══ GIVEN INFORMATION
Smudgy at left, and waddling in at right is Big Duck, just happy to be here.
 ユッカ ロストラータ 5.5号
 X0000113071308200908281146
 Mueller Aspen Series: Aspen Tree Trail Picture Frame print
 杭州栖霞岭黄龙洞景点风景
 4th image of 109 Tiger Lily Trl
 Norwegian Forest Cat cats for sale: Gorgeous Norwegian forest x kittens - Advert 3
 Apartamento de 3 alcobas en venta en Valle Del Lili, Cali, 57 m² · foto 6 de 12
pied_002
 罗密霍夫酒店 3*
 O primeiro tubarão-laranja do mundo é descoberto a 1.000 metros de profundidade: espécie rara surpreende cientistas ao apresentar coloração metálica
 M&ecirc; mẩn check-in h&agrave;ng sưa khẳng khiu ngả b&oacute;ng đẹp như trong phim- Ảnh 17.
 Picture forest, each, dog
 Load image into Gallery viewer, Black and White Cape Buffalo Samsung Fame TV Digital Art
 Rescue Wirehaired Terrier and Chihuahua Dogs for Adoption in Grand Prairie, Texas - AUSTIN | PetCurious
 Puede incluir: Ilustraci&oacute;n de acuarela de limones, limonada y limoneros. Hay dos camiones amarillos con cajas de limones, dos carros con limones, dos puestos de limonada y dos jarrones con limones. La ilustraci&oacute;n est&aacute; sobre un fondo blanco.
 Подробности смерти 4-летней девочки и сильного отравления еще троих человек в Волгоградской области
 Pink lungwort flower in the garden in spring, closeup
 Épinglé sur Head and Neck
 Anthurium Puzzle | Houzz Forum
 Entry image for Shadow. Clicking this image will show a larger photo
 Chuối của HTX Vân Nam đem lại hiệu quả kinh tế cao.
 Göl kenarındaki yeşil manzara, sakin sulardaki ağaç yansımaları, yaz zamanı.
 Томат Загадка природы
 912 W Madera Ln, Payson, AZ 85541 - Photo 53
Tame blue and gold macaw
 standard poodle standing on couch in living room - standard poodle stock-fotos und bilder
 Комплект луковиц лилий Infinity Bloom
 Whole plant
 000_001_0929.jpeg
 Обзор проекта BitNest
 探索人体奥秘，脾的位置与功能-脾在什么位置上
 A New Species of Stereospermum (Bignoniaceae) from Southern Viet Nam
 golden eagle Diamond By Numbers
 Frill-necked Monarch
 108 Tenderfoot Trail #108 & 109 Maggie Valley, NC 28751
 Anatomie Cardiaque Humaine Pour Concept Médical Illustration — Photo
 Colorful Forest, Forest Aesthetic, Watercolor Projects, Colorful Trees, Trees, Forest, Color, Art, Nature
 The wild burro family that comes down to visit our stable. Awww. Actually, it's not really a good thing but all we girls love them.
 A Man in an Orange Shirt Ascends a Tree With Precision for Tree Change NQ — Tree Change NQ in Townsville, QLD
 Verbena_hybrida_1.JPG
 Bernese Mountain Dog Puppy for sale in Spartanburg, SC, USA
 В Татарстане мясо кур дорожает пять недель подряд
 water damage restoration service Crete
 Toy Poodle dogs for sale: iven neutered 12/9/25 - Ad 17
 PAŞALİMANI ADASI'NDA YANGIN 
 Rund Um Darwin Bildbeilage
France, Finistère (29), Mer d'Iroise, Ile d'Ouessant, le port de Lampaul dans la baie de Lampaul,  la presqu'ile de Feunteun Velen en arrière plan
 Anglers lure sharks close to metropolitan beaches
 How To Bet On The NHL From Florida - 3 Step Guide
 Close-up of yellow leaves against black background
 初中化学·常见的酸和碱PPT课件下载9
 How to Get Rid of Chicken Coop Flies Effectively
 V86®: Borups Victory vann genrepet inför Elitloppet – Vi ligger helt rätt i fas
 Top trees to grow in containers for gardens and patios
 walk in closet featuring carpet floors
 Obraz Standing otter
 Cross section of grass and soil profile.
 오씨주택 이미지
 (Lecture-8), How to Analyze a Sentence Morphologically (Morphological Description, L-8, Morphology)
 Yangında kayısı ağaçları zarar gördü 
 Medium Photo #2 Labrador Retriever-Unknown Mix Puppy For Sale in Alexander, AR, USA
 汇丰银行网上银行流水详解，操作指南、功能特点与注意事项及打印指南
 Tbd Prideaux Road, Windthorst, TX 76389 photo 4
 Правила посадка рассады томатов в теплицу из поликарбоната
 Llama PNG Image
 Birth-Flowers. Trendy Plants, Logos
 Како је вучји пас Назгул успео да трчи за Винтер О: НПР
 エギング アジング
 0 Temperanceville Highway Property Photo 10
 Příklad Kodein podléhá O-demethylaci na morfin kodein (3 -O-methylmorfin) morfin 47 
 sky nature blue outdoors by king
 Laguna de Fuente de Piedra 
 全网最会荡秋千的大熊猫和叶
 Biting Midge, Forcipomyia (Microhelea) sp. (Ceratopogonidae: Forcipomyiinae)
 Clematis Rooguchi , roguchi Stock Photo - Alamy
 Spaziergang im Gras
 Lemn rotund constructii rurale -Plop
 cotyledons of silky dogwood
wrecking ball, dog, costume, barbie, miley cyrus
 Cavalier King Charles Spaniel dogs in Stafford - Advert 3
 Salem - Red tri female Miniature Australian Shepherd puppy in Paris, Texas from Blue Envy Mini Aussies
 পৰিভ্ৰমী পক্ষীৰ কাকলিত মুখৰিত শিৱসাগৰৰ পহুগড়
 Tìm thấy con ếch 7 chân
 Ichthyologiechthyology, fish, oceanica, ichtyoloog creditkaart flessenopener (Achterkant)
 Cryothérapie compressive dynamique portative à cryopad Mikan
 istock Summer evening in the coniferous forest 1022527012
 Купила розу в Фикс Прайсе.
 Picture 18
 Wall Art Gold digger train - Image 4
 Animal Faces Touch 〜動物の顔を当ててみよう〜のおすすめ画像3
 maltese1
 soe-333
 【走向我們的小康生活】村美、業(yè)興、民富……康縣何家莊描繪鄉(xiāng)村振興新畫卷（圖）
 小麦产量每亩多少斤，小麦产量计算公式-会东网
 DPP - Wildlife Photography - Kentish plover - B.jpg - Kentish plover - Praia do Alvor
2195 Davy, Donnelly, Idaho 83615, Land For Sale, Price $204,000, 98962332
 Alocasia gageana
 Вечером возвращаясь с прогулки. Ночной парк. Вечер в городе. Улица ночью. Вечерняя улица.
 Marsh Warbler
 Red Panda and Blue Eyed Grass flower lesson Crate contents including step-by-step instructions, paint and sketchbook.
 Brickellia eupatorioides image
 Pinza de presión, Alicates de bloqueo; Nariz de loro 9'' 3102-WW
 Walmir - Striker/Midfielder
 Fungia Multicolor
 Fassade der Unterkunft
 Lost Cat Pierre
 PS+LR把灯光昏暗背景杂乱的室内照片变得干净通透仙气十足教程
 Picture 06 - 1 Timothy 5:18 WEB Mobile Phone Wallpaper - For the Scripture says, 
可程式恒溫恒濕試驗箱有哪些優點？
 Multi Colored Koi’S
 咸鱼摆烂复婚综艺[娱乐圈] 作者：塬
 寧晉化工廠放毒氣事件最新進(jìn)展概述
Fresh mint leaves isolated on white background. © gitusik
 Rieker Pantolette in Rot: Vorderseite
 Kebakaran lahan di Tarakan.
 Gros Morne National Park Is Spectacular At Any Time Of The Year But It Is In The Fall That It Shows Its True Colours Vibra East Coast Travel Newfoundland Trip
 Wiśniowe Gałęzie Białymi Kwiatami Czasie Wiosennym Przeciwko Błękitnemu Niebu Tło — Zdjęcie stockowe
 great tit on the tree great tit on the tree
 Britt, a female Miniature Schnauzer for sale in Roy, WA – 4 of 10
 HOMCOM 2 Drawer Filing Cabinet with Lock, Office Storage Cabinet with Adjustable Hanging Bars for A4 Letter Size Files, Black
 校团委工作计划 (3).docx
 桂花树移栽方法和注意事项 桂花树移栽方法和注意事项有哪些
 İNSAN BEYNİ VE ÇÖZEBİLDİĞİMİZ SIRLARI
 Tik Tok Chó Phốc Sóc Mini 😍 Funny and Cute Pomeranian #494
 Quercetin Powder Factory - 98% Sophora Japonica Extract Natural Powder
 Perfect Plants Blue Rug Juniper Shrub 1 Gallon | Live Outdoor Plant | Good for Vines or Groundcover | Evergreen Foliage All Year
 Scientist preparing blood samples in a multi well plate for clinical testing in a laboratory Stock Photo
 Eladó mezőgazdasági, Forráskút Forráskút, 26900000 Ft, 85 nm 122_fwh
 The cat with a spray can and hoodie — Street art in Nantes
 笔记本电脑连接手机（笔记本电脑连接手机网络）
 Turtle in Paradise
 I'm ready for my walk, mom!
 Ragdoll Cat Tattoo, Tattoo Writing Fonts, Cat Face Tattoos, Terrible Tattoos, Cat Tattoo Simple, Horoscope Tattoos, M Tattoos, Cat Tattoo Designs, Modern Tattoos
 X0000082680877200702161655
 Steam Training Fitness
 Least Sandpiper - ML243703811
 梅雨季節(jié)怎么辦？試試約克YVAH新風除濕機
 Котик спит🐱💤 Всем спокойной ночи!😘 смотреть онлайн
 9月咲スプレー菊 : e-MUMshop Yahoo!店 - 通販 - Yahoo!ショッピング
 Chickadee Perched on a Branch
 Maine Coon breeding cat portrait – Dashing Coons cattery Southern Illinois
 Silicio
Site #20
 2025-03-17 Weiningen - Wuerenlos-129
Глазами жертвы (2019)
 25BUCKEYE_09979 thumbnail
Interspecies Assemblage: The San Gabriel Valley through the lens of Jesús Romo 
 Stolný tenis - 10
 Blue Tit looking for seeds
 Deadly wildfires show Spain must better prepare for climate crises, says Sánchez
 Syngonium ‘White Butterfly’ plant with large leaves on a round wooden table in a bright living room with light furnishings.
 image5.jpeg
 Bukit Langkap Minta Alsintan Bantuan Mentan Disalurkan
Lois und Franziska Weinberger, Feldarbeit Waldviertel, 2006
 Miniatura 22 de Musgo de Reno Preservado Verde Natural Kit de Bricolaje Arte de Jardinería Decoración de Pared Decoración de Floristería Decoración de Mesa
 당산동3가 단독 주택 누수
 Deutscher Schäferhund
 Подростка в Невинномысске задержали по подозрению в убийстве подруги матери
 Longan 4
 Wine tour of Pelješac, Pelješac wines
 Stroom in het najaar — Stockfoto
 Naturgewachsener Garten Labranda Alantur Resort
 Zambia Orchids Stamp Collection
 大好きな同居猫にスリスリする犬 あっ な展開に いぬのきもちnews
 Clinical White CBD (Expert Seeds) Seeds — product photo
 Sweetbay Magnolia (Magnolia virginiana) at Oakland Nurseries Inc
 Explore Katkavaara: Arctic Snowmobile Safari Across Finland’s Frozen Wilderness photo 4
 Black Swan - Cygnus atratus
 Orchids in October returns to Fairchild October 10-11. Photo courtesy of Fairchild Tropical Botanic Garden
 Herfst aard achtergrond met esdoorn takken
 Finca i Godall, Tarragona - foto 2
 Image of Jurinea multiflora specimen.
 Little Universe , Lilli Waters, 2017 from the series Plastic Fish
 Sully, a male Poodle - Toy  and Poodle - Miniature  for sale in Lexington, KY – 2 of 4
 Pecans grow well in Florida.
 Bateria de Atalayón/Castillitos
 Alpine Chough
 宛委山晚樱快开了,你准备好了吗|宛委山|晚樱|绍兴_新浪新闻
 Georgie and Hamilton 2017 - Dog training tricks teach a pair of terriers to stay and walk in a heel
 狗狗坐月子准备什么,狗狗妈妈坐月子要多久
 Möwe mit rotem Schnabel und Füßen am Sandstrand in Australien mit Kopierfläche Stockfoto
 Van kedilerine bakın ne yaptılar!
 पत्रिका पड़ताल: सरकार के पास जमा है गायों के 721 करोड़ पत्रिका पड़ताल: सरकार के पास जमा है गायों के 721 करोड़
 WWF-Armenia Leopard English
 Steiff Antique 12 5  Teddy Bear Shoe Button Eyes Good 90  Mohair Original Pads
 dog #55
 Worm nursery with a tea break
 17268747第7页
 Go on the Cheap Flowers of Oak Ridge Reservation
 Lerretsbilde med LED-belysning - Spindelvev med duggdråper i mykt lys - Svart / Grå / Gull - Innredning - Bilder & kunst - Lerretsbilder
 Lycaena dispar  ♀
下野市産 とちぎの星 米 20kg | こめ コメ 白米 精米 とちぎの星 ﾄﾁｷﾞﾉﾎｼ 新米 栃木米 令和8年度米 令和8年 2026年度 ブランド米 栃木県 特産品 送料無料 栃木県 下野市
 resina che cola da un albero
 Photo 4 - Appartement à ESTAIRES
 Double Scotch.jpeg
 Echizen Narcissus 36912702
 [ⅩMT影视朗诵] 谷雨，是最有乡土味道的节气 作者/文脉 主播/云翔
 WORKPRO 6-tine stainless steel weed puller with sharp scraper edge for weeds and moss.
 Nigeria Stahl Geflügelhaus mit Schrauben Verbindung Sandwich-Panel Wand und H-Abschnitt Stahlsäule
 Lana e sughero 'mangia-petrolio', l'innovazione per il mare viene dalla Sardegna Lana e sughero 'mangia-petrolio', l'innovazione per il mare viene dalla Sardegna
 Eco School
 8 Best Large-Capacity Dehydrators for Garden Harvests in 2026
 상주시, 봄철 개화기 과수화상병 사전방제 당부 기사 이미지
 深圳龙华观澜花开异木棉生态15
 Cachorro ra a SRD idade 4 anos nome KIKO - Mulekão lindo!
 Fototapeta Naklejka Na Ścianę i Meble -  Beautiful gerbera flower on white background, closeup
════
EXERCISE DESCRIPTION:
Above are the entries. Copy exactly the part that opens with the line containing "Rund Um Darwin Bildbeilage" and closes with the line containing "Anglers lure sharks", and no more.

TASK RESPONSE:
 Rund Um Darwin Bildbeilage
France, Finistère (29), Mer d'Iroise, Ile d'Ouessant, le port de Lampaul dans la baie de Lampaul,  la presqu'ile de Feunteun Velen en arrière plan
 Anglers lure sharks close to metropolitan beaches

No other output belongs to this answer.